14 janvier 10 : Bilan de la dernière session parlementaire

 

Le début de la nouvelle année est l’occasion de faire le bilan des événements passés. Voici donc le bilan de la dernière session parlementaire.

 

Rarement ai-je ressenti avec autant d’intensité la nécessité pour le Québec de sortir du Canada pour voler de ses propres ailes.  

 

La dernière session parlementaire et les récents événements m’ont confirmé que les priorités du Québec, le choix de solutions privilégiées par les Québécoises et les Québécois s’éloignent des façons de faire du Canada. Qu’on parle des travailleurs et des chômeurs, de la conférence de Copenhague, des cachotteries au sujet des prisonniers afghans ou encore du registre des armes à feu, le gouvernement Harper a opté pour des choix allant à l’encontre des valeurs et de la volonté des Québécoises et des Québécois.

On retiendra de cette dernière session que les conservateurs et les autres partis ont ignoré toutes les décisions unanimes de l’Assemblée nationale, que des milliards de dollars ont été versés pour l’industrie de l’automobile concentrée en Ontario, que des efforts considérables ont été accordés à l’industrie du pétrole de l’Alberta alors que l’industrie forestière québécoise en pleine crise, a été laissée à elle-même.

Harper a maintenu sa volonté de retirer au Québec ses pouvoirs en matière de valeurs mobilières et a aussi refusé de lui apporter une compensation pour l’harmonisation des taxes de vente alors qu’il n’a pas hésité à offrir de généreuses indemnités à l’Ontario et à la Colombie-Britannique sur cette question. 

Au chapitre des mesures sociales, les conservateurs refusent de procéder à une véritable réforme de l’assurance-emploi. Pis encore, ils ont décidé de piller près de 20 milliards de dollars dans la caisse de l’assurance-emploi pour rembourser le déficit. Finalement, les conservateurs ont fermé la porte à toutes les propositions visant à donner des suites concrètes à la reconnaissance de la nation québécoise. En fait, ils nous ont montré leur mépris en déposant un projet de loi visant à réduire le poids du Québec à la Chambre des communes.

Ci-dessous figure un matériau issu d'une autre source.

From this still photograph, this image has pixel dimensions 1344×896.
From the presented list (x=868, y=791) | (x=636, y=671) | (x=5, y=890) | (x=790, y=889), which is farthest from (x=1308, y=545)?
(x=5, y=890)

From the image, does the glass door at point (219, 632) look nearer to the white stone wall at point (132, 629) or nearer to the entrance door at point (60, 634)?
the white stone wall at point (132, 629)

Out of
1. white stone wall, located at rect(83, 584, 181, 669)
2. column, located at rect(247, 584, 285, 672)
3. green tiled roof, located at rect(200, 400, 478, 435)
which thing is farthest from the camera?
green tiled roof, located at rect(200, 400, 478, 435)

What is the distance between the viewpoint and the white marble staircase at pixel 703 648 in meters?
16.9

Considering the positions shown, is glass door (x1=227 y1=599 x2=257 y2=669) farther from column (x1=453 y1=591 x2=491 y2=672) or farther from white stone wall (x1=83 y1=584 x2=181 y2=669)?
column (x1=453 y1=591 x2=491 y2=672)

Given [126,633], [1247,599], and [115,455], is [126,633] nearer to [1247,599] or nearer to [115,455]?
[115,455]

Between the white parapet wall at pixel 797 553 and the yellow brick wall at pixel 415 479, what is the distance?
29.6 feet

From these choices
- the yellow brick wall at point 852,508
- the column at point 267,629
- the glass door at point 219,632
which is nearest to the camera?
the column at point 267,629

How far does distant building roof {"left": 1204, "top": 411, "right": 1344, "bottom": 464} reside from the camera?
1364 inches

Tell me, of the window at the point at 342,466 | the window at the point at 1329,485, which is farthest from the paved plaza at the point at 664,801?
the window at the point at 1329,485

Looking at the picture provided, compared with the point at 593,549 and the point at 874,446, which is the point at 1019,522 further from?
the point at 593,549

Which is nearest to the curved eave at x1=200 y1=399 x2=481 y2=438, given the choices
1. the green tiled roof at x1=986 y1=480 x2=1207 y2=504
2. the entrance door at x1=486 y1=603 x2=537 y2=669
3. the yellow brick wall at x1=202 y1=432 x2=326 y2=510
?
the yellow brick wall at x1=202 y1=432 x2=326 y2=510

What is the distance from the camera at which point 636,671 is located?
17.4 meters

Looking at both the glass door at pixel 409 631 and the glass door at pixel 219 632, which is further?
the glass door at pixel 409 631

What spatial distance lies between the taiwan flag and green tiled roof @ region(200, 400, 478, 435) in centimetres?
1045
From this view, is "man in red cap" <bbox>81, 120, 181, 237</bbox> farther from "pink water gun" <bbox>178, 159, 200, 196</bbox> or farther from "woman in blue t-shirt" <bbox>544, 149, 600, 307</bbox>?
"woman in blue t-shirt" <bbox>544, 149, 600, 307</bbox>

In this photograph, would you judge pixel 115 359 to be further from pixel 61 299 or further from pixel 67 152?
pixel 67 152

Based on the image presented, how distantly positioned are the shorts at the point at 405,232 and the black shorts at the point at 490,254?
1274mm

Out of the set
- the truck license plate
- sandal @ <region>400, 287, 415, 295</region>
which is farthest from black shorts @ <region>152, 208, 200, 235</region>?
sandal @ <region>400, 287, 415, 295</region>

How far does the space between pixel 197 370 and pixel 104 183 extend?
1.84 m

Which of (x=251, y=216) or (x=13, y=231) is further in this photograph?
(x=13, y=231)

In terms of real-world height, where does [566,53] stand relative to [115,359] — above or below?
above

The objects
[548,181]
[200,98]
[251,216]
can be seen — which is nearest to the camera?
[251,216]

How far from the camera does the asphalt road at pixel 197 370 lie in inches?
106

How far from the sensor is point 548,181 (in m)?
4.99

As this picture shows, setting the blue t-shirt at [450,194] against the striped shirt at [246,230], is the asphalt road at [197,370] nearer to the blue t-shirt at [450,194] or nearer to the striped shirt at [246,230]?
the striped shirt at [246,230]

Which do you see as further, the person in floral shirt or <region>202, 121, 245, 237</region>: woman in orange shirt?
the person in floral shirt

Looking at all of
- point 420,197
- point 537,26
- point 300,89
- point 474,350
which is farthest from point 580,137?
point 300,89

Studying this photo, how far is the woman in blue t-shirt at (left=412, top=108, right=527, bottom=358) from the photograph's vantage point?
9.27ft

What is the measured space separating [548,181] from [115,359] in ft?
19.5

Le Bloc Québécois aura fort à faire, en 2010 pour faire avancer les dossiers… encore faut-il pour cela que le parlement siège ! Au lieu de poursuivre la session et de laisser les députés continuer les travaux, le gouvernement Harper se lance dans une autre de ses combines qui va paralyser le Parlement jusqu’en mars. C’est vraiment du grand Harper! Le Parlement fonctionnait correctement et tout se déroulait bien dans les comités. Le gouvernement conservateur n’a aucune raison légitime de suspendre les travaux parlementaires. Cette prorogation de la Chambre est la stratégie de la fuite prônée par les conservateurs depuis nombre d’années : pensons à la dissolution de la Chambre en 2008 par le gouvernement Harper, qui avait violé sa propre loi pour déclencher hâtivement des élections; pensons également à la prorogation du Parlement l’an dernier qui visait à éviter un gouvernement de coalition. C’est devenu une tradition pour Harper : au lieu de faire face à la controverse, il proroge.

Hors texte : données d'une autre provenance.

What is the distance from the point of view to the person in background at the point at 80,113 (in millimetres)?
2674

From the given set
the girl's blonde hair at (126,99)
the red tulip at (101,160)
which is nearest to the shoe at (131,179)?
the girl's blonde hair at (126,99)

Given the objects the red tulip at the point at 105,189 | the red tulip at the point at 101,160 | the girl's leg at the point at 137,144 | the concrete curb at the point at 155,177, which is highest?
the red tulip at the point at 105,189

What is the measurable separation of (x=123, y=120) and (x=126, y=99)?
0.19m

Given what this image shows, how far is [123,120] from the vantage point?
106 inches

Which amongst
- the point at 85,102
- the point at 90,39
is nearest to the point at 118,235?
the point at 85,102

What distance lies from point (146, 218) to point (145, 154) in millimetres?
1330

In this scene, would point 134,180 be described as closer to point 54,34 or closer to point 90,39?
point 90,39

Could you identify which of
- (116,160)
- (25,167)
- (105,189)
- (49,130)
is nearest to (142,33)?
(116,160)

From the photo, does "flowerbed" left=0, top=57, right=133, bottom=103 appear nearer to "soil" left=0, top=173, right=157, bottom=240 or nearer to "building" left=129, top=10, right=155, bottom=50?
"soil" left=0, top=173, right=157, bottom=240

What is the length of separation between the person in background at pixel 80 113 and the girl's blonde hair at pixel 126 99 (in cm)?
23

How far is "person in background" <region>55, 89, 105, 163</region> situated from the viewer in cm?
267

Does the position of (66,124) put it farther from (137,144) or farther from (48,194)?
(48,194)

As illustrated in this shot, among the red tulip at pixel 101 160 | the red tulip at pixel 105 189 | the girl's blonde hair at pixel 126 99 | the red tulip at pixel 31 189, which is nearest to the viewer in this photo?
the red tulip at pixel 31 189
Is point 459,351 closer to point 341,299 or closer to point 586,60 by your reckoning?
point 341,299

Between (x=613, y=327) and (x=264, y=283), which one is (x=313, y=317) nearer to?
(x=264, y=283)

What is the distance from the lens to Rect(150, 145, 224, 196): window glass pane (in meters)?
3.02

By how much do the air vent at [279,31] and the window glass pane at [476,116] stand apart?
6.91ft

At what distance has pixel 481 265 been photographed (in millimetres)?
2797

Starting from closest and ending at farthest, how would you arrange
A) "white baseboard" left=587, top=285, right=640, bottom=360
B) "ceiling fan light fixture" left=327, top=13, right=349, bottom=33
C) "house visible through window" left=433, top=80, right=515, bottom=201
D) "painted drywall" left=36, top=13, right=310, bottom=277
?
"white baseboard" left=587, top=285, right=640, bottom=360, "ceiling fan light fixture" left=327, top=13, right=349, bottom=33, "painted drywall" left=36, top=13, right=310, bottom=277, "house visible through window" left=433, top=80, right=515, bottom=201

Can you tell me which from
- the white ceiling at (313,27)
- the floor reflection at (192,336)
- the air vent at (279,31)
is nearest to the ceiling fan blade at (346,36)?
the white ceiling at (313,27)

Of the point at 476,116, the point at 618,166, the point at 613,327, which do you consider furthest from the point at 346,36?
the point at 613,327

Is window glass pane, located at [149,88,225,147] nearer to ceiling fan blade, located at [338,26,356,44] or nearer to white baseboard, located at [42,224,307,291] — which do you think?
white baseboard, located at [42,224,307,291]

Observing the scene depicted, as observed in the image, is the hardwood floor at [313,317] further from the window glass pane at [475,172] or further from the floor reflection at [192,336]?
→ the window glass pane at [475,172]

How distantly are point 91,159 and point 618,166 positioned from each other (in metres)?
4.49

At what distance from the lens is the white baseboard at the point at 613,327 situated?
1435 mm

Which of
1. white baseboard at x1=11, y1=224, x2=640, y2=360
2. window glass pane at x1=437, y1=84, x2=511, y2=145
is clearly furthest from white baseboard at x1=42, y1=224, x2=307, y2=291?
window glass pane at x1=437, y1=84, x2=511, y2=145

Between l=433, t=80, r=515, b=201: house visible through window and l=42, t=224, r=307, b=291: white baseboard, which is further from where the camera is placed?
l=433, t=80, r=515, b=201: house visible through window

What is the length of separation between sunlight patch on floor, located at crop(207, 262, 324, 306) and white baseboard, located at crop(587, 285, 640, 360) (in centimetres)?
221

Bref, lorsque la session reprendra, le Bloc devra agir pour infléchir la politique canadienne de lutte aux changements climatiques, pour que le Québec récupère les 2,6 milliards de dollars qui lui reviennent pour avoir harmonisé sa taxe de vente, pour que l’industrie forestière obtienne l’aide dont elle a besoin et pour empêcher Ottawa de piller l’argent des travailleuses et des travailleurs.

Non, vraiment, il est inéluctable qu’un avenir meilleur pour le Québec passe par la souveraineté !

 

 

Marc Lemay, député d’Abitibi-Témiscamingue.